I don’t think so. Not anymore.
In personal essay-writing, one of the most refreshing lessons I’ve learned is this: your readers will trust you more when you admit your gaps and uncertainties. As Harris Sockel says, “It’s compelling to read someone who is really imperfect, who doesn’t know themselves, but is being very honest about that.” So he tells writers: “You might be an expert on something, but there are probably some things you don’t know. Showing all of that, and trying to be honest about all of that, will give you a lot of credibility for readers.”
Feels counterintuitive, doesn’t it? But, continuing Jones’ quote, here’s why it makes sense:
[But] if we’re trying to understand something, our voice of certainty can start to sound narrow and simplistic, whereas our voice of doubt and ambivalence can start to sound intelligent, humble, and empathetic. Certainty has become weakness, and doubt has become strength.
Nowadays, I love it when I hear someone simply say: “I don’t know.”
Or “I’m not sure”.
Or when they begin with “I think” or “maybe”.
(Bonus points if that someone has every right to impress upon others their experience and credibility.)
Obviously, being forthright about not knowing or things you don’t know or are unsure of is endearing in its humility. But it’s a lot more than that.
If anything, it shows that a person is aware that all we really have is our own point of view—which is limited. It’s swayed by our personal histories and biases. By societal norms and long-held dispositions. Such people are more wary of how, to quote a college professor, “your mindset makes you a square person.”

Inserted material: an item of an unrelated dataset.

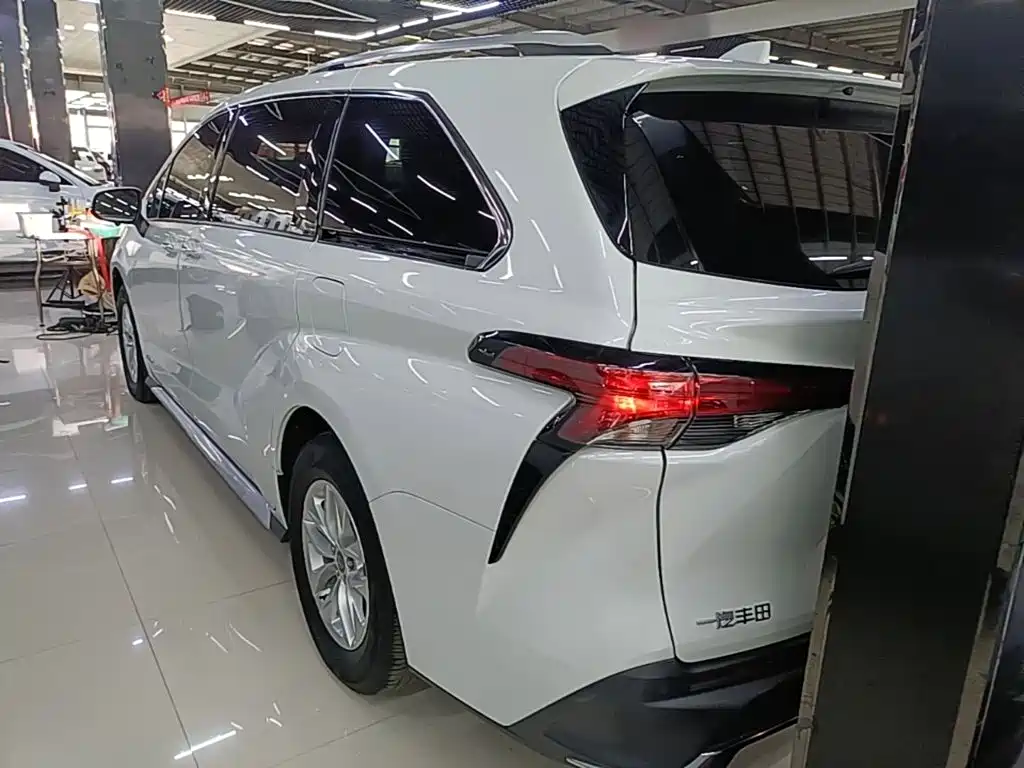 Toyota Granvia — фото 4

Consequently, they seem to have this internalized sense that there’s something they might not be seeing—and this lends them the headspace and heart for new perspectives. I suppose this is also why they seem to be able to stay hungry and stay humble—two things that seem to be at odds with each other—at the same time.
Another thing they’re able to balance: a firm take and an inviting temperament. If you’ve been following my work, you’ll know my favorite newsletter creator is Haley Nahman. And that’s because she is the epitome of this balance. Her newsletter, Maybe Baby, was named after her regard for the unknown, unclear, and uncertain.

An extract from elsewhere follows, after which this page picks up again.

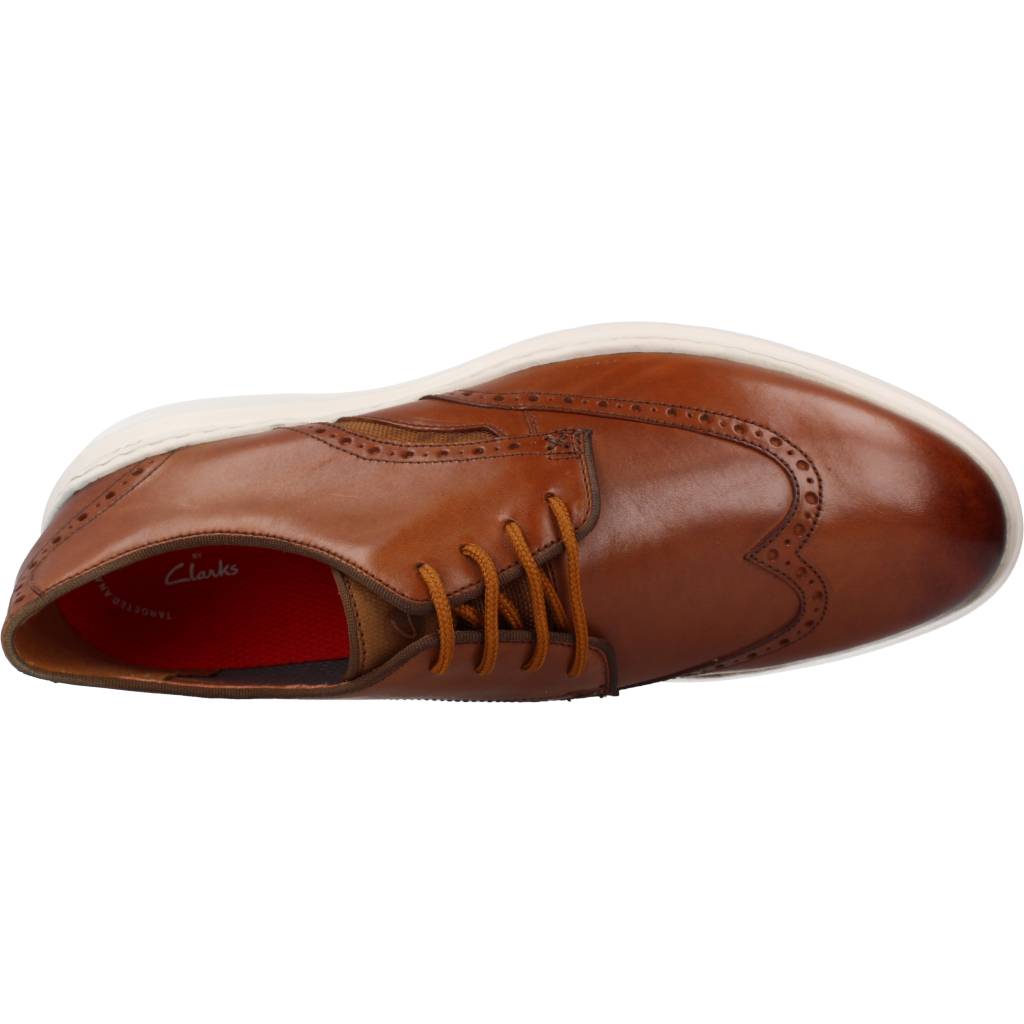 CLARKS DENNET WING en color DKTAN  (7)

To her, it’s perfectly possible to give your POV “without patronizing others with certainty. Because what do any of us know, really? And who do we become when we close ourselves off to other possibilities?”
Lastly, I find that the people who can leave room for possibility are also very good at holding space for nuance. They’re acutely aware—or at least do their best to remember—that the subtle differences between us count for more than we know. Even when it seems possible and helpful to define, simplify, or categorize situations, they know life is mostly made of shades of grey rather than black and white. Some complexities just can’t be simplified into a framework or a platitude.
All of this makes them more curious and attuned to the world around them. They’re less at the mercy of their assumptions, their delusions, their ego. They readily invite strangers to exchange thoughts with them, and give advice knowing its limitations. Their limitations. They say they’re full of shit and think it’s normal. They know they’ll never fully understand a person or a situation unless they’re in it—but they do their best anyway. They ask questions without rushing to find an answer, much less one that is bulletproof. And they let their modes of thinking and being evolve.
Ultimately, I find that there’s so much grace, so much potential for empathy—if you openly admit to your uncertainties, doubts, and ambiguities. And yes, these are things that render us fallible. But isn’t that what we are in the first place?
People relate better with imperfections and flaws rather than with those that try to look too perfect. I find showing and being honest about what you lack or something similar gives you the power to address it instead of hiding it in the closet which lets it fester inside you.